Ils ont également l’obligation d’indiquer explicitement la mention « image retouchée » ou « image virtuelle » sur les photos ou vidéos ayant fait l’objet d’un traitement par filtre ou par intelligence artificielle, de manière claire, lisible et identifiable sur l’image ou la vidéo, quel que soit le format de la promotion et durant toute sa durée.

L’absence de cette mention obligatoire peut être punie de 2 ans d’emprisonnement et de 300.000 euros d’amende pour les personnes physiques ou 1,5 million pour les personnes morales.

Dropshipping

Le « dropshipping » est la pratique par laquelle le vendeur ne se charge que de la commercialisation, le fournisseur supportant la fabrication et l’expédition. Si l’influenceur n’est qu’un intermédiaire dans la vente, il sera responsable envers l’acheteur et devra :

  • informer l’acheteur potentiel de l’identité de son fournisseur,
  • vérifier que toutes les informations prévues par le code de la consommation sont bien communiquées,
  • vérifier que le bien est disponible et non contrefaisant et
  • vérifier l’existence d’un certificat de conformité aux normes européennes.

Jeux d’argent et de hasard

La publicité pour les jeux d’argent et de hasard est autorisée uniquement sur les plateformes en ligne ayant la capacité technique d’exclure l’accès aux mineurs et ayant effectivement activé le mécanisme d’exclusion, en conformité avec le référentiel de l’ARCOM.

Les influenceurs ont l’obligation de signaler l’interdiction du contenu aux mineurs de manière claire, lisible et identifiable sur l’image ou la vidéo, quel que soit le format de la promotion et durant toute sa durée.

Les contrats entre influenceurs et opérateurs de jeux d’argent et de hasard doivent comporter une clause par laquelle les influenceurs attestent connaître la règlementation de la publicité des jeux d’argent et de hasard et s’obliger à la respecter.
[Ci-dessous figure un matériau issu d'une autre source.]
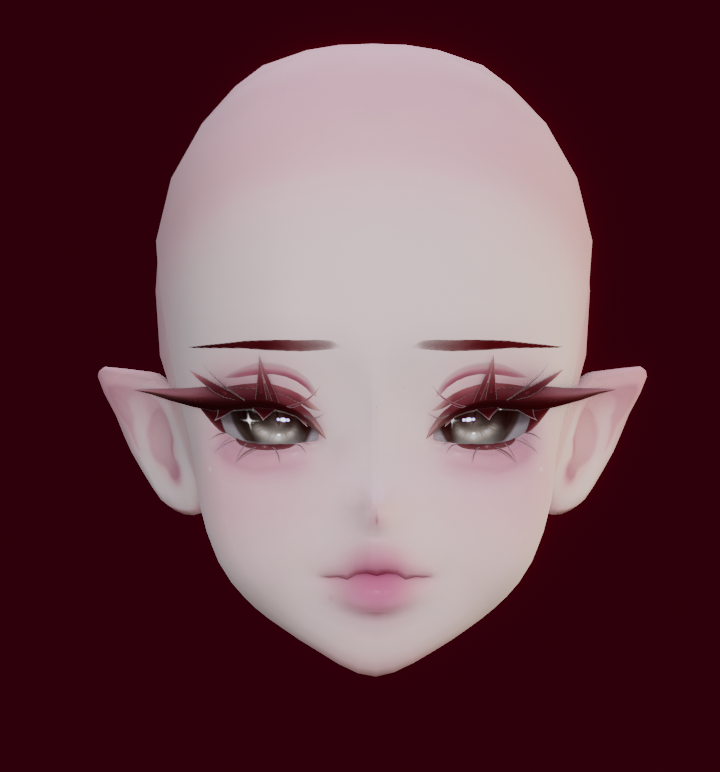 Vira Aeri head edit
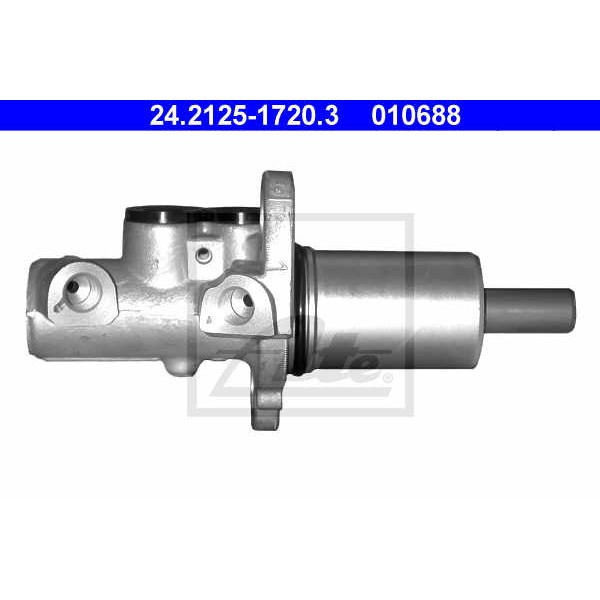 Слика на Сопирачка пумпа ATE 24.2125-1720.3 за Skoda Superb Sedan (3U4) 2.8 V6 - 190 коњи бензин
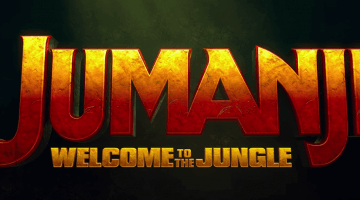Jumanji slot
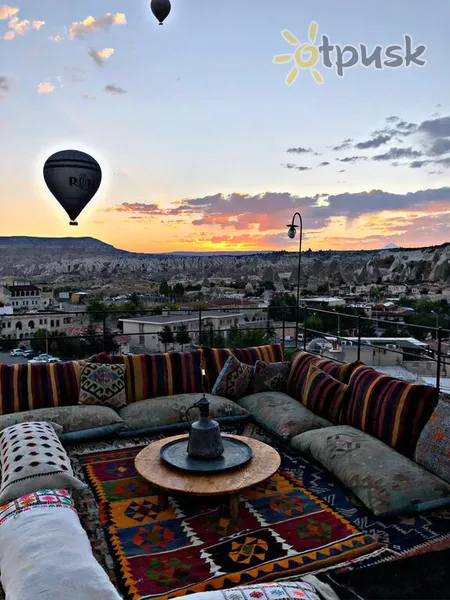 Фото отеля Wonder of Cappadocia 4* Kapadokija Turkija kita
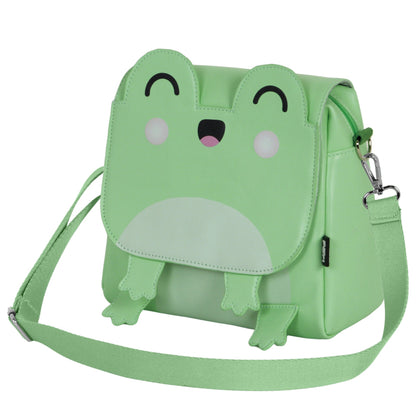 Sac-Sac à Dos Kawaii Oh My Pop! « Froggy »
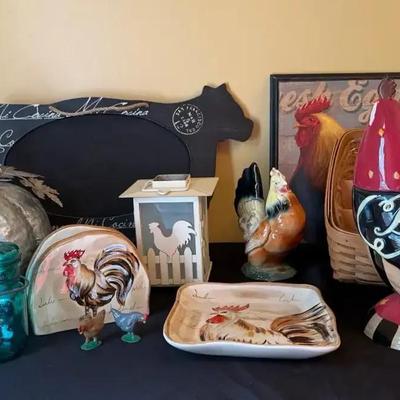 Farm Fresh Kitchen (DR)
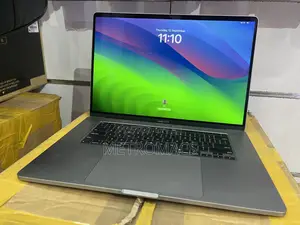 Laptop Apple MacBook Pro 2019 32GB Intel Core i9 SSD 1T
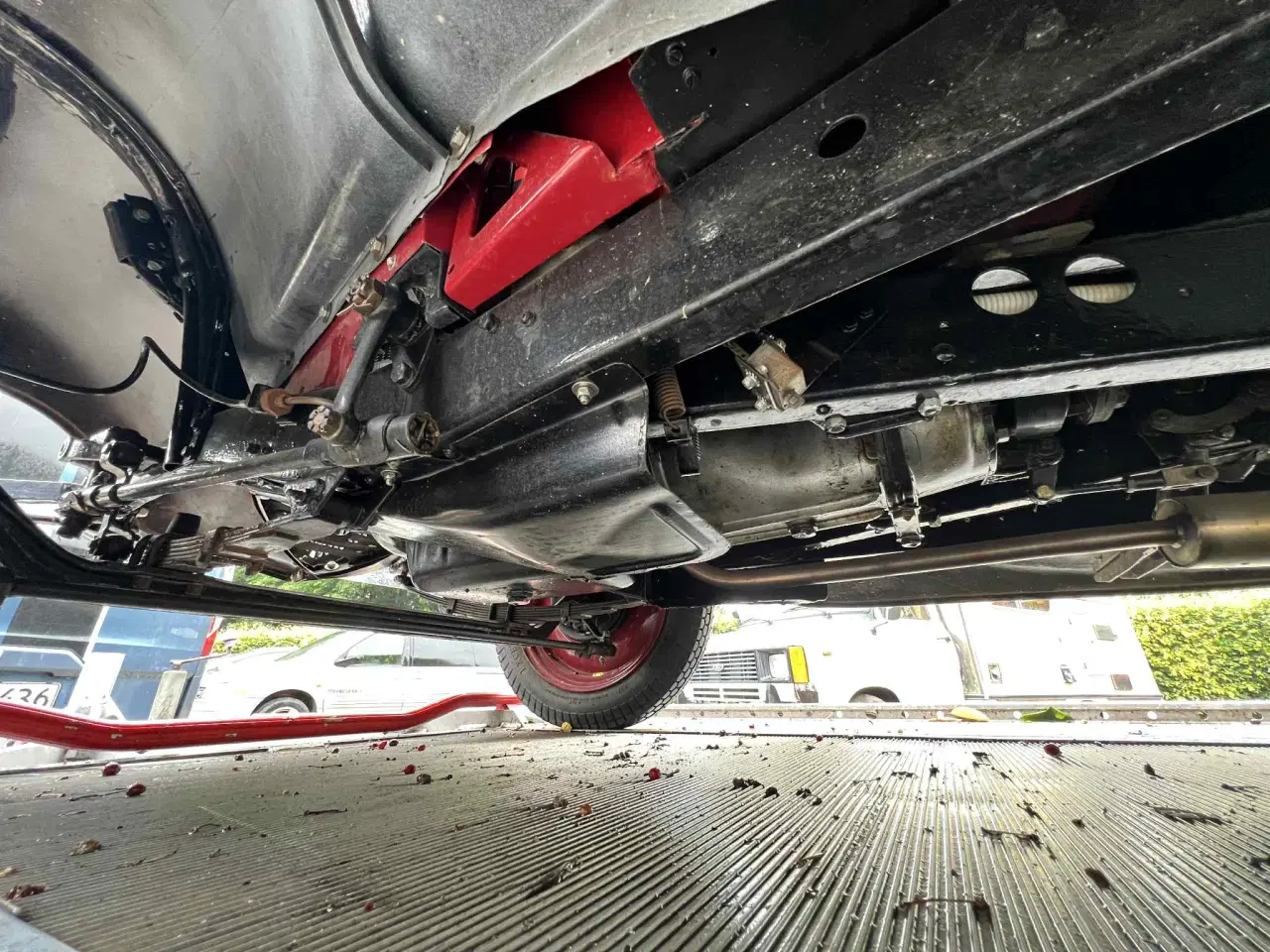 Billede 12 - Fiat 505 Balilla årg 1937 i fantastisk flot stand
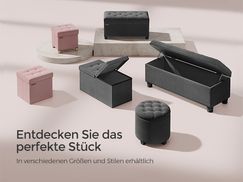 Robust und langlebig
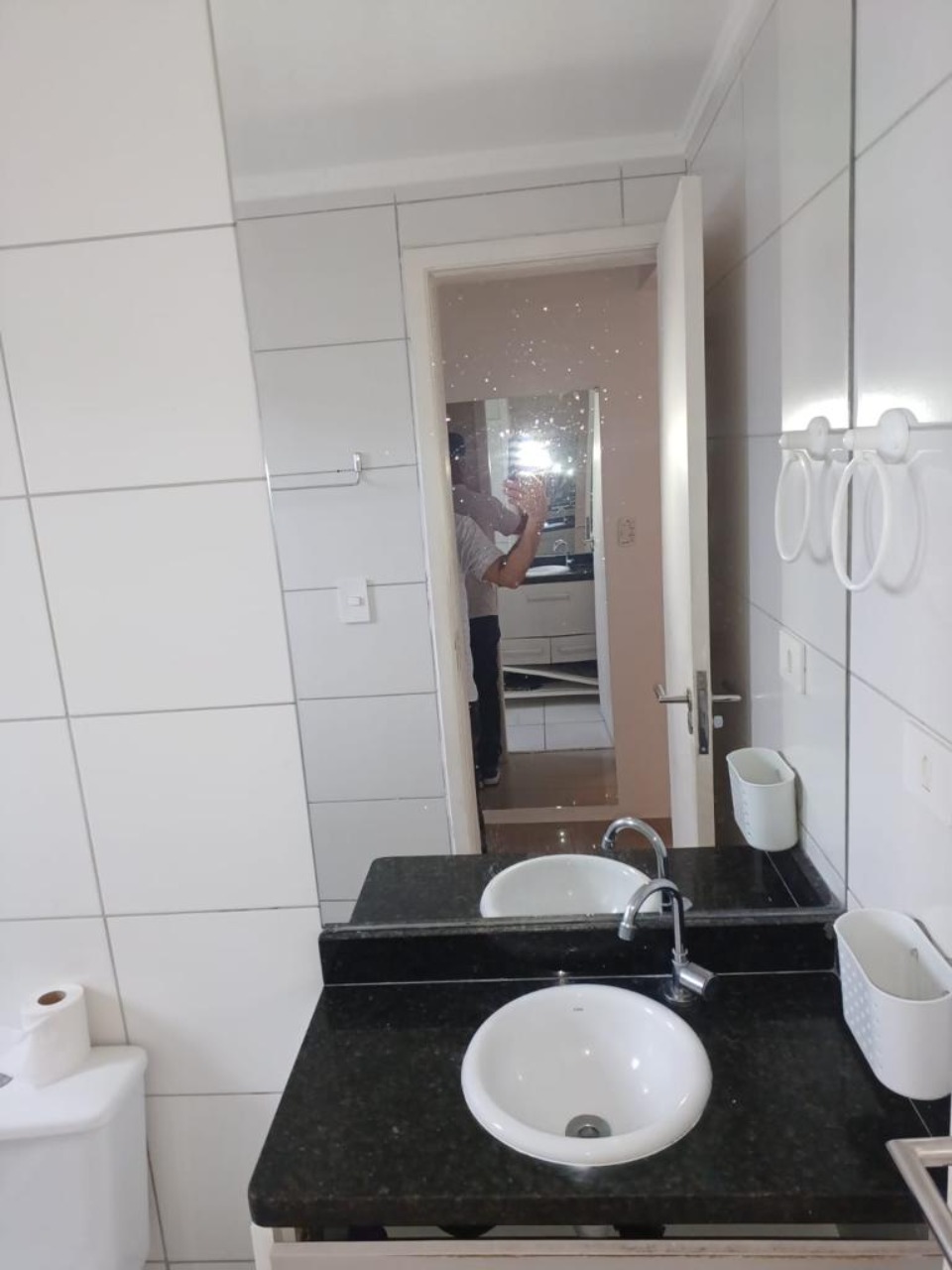 APARTAMENTO RESIDENCIAL em São Paulo - SP, Praia Grande - Vila Mirim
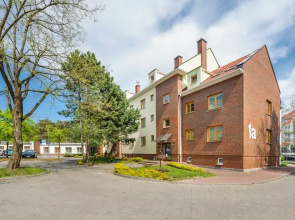 Apartamenty Sun & Snow Leśny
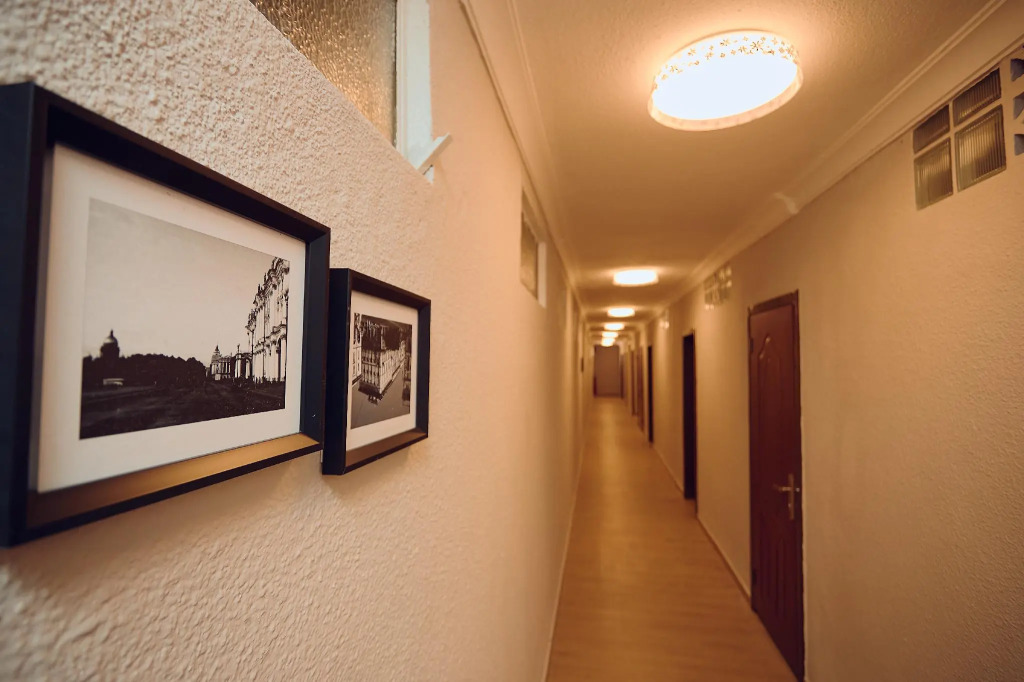 Hotel Kings Palace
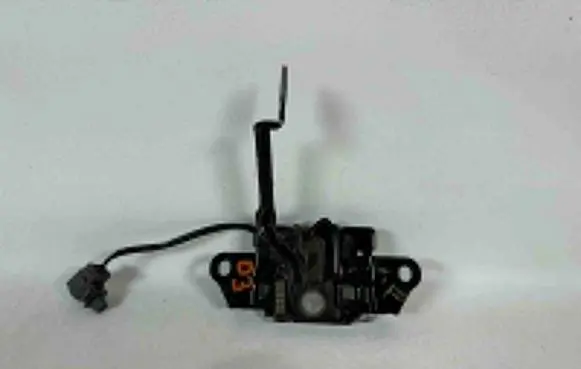 Mazda CX-9 Engine bonnet/hood lock/catch 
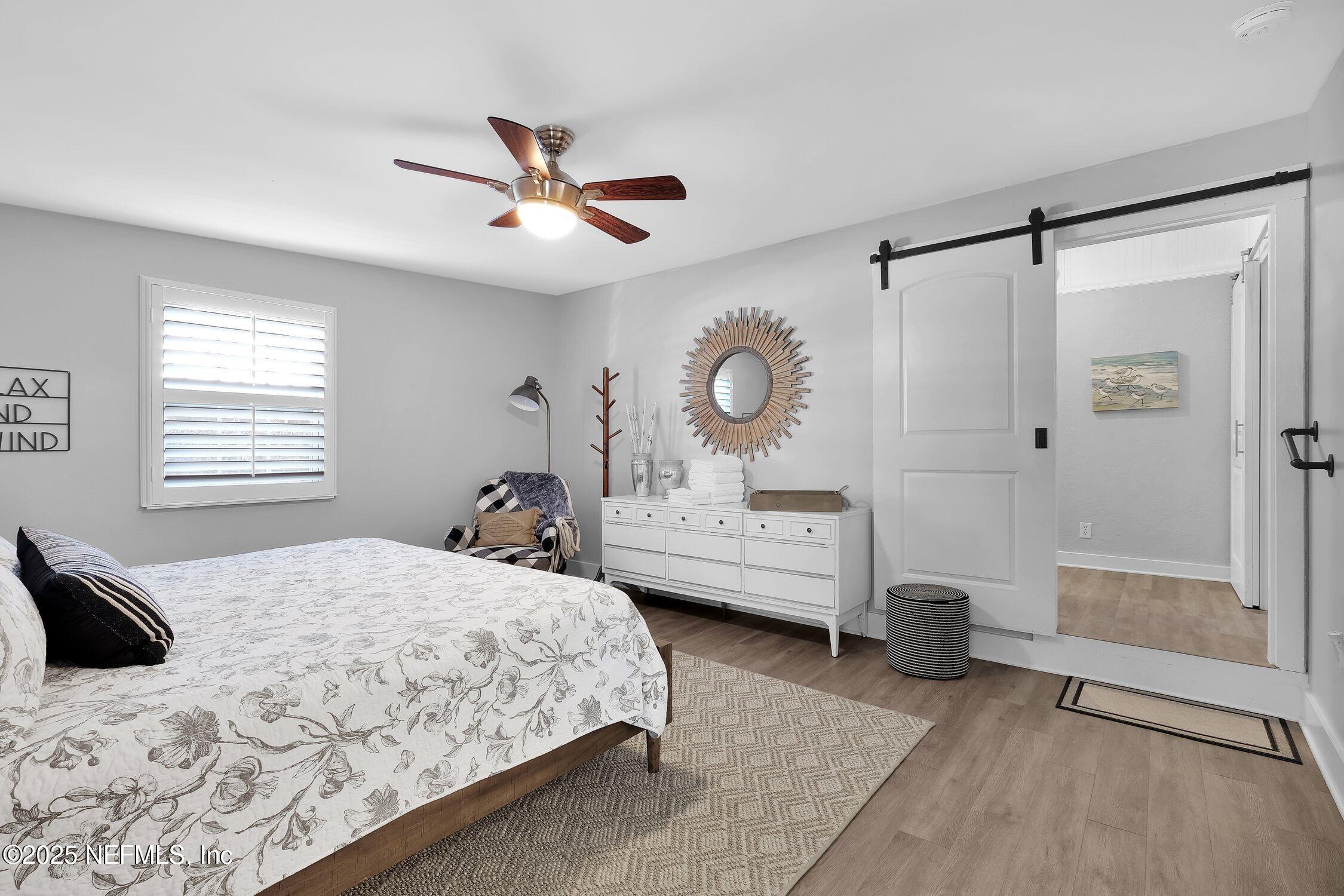 16 BALLARD Avenue, St. Augustine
Tout manquement est puni d’une amende administrative allant jusqu’à 100.000 euros.

Formations professionnelles

La promotion des formations professionnelles, notamment via le compte personnel de formation (CPF), nécessite des mentions obligatoires.

Par ailleurs, est interdite toute vente ou offre promotionnelle d’un produit ou toute rétribution en échange d’une inscription à une formation.

Obligation pour les influenceurs à l’étranger de designer un représentant

Les influenceurs situés en dehors de l’Espace Economique Européen et de la Suisse doivent désigner par écrit un représentant légal dans l’UE qui est chargé de :

garantir la conformité des contrats d’influence commerciale sur le territoire français et répondre, en plus ou à la place des influenceurs, à toutes les demandes émanant des autorités administratives ou judiciaires compétentes, visant à la mise en conformité avec la nouvelle loi. Ce représentant doit avoir souscrit une assurance civile pour couvrir cette activité.

Le dispositif doit être complété par décret.

Influenceurs de moins de 16 ans

Les influenceurs de moins de 16 ans sont soumis aux règles du travail prévues par la loi n°2020-1266 [3] du 19 octobre 2020, désormais étendues à toutes les plateformes en ligne (plus seulement YouTube). Les parents doivent signer des contrats avec les annonceurs et consigner une part de leurs revenus (le pécule).

Cette loi crée plusieurs nouvelles sanctions administratives et pénales. Il sera intéressant de voir d’ici quelques mois si cela suffit à influencer les influenceurs dans le bon sens. On peut en tous cas s’attendre à une vigilance renforcée de la DGCCRF.